Records from a dataset
^^^^^^^^

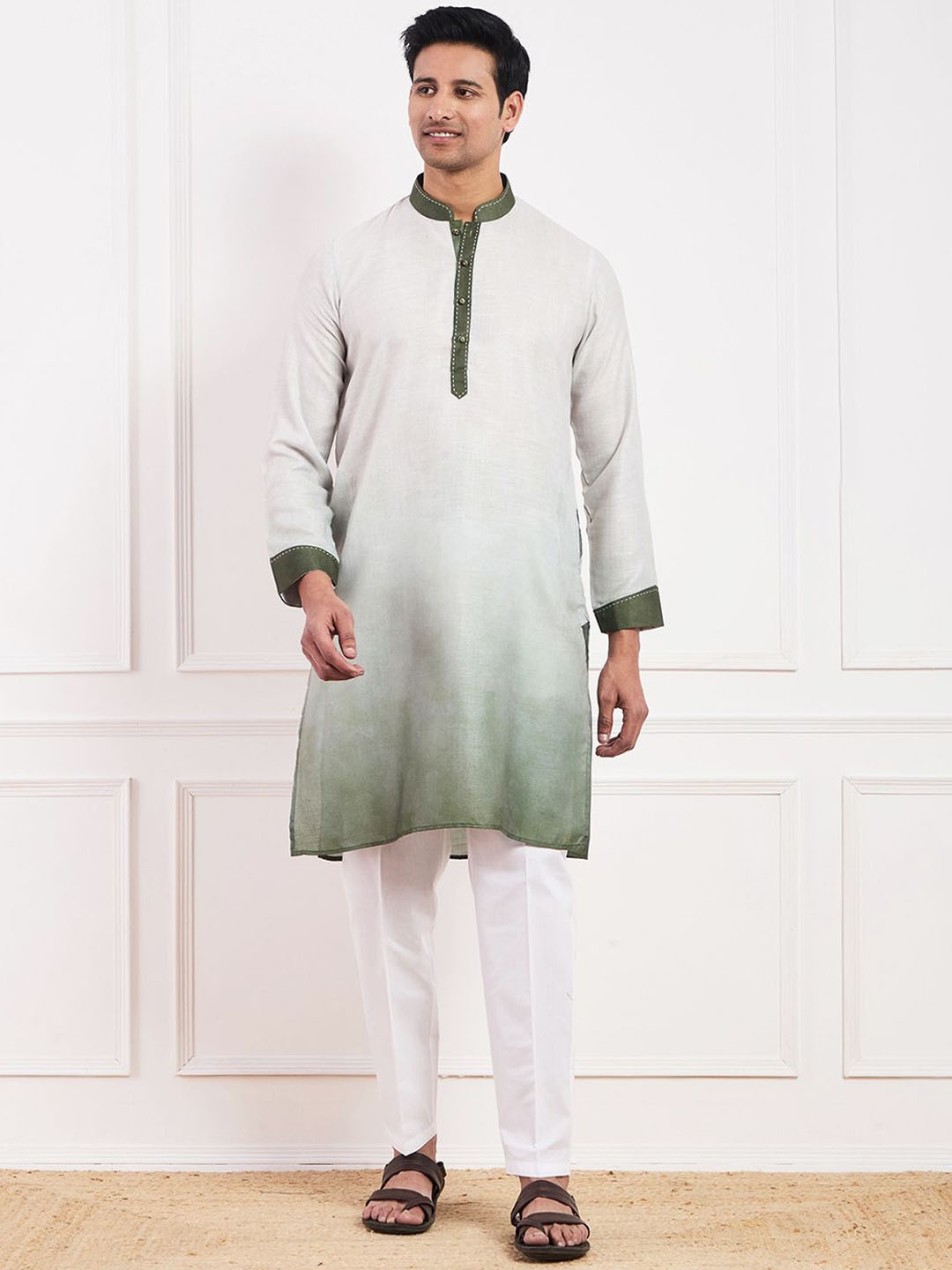 

Satwaa Ombre Dyed Thread Work Mandarin Collar Cotton Straight Kurta, Green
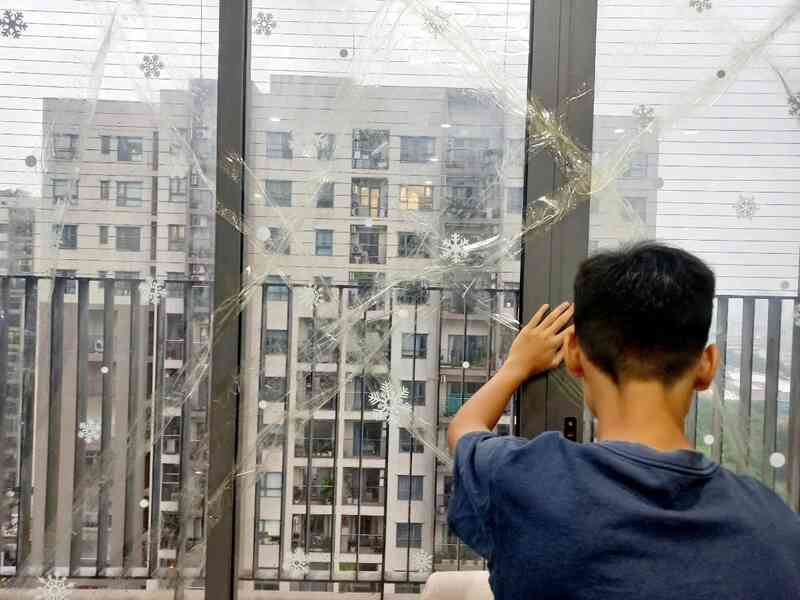 Bão số 3 đổ bộ: Dán băng dính lên cửa kính có thực sự hiệu quả?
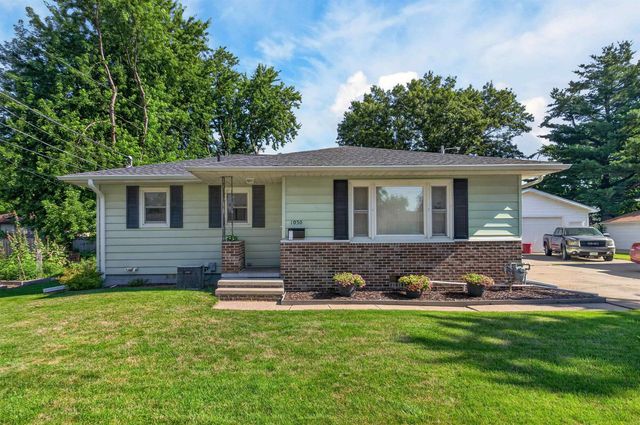 1030 Downing Avenue, Waterloo, IA 50701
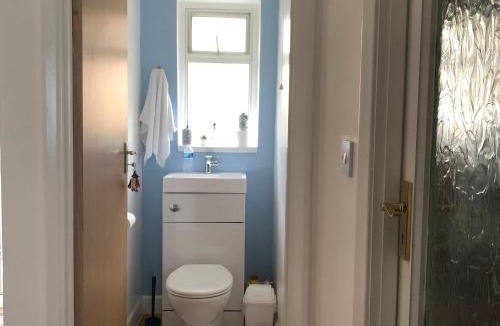 Newport East Bed & Breakfast | Ponders End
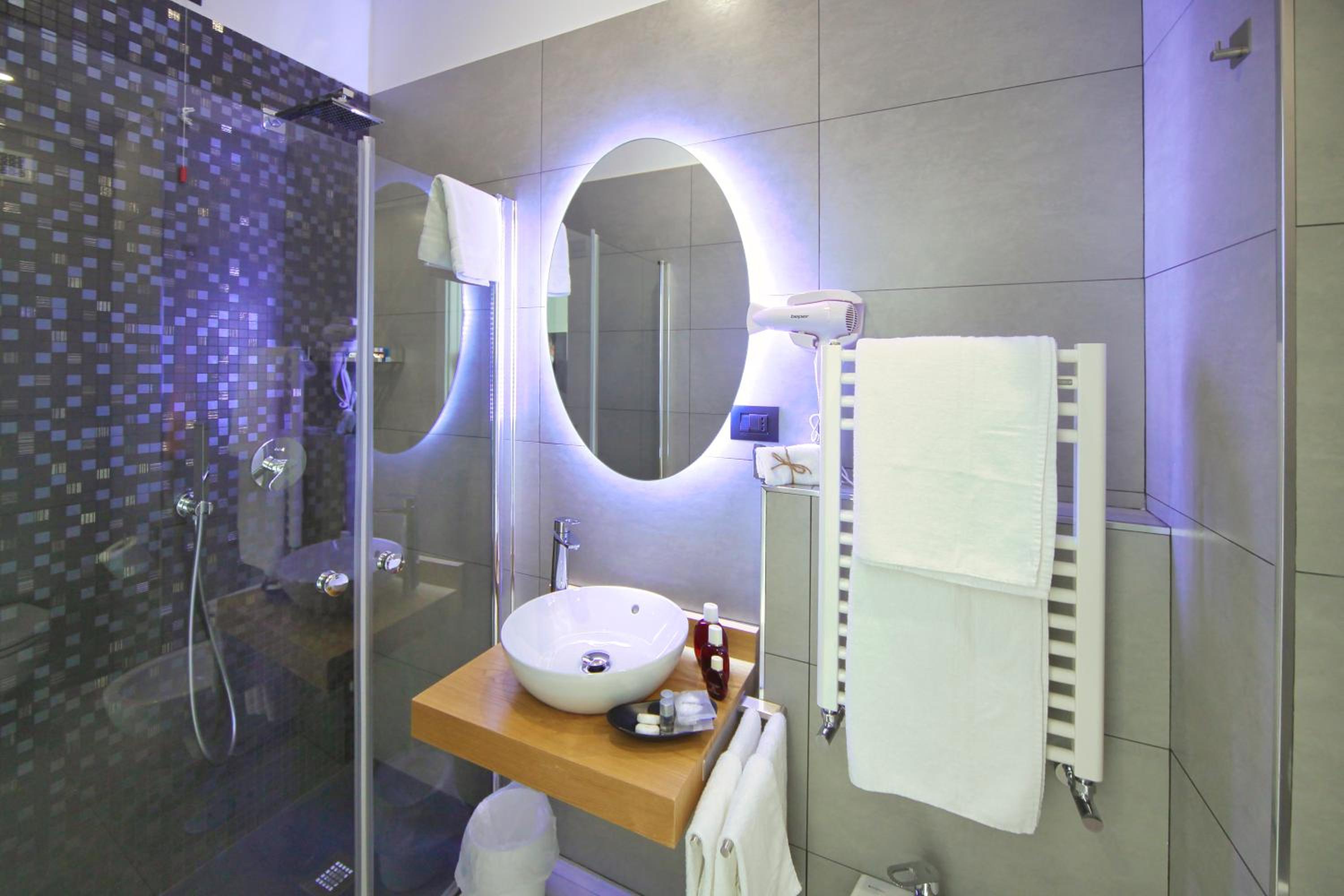 Be Coloured - Boutique Art Rooms in Naples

^^^^^^^^

• **TASK OBJECTIVE**:
Print the lines from the line with "Newport East Bed & Breakfast | Ponders End" to the end of the data above. Include both ends, exclude the pictures, and add nothing else.

• **WRITTEN RESPONSE**:
 Newport East Bed & Breakfast | Ponders End
 Be Coloured - Boutique Art Rooms in Naples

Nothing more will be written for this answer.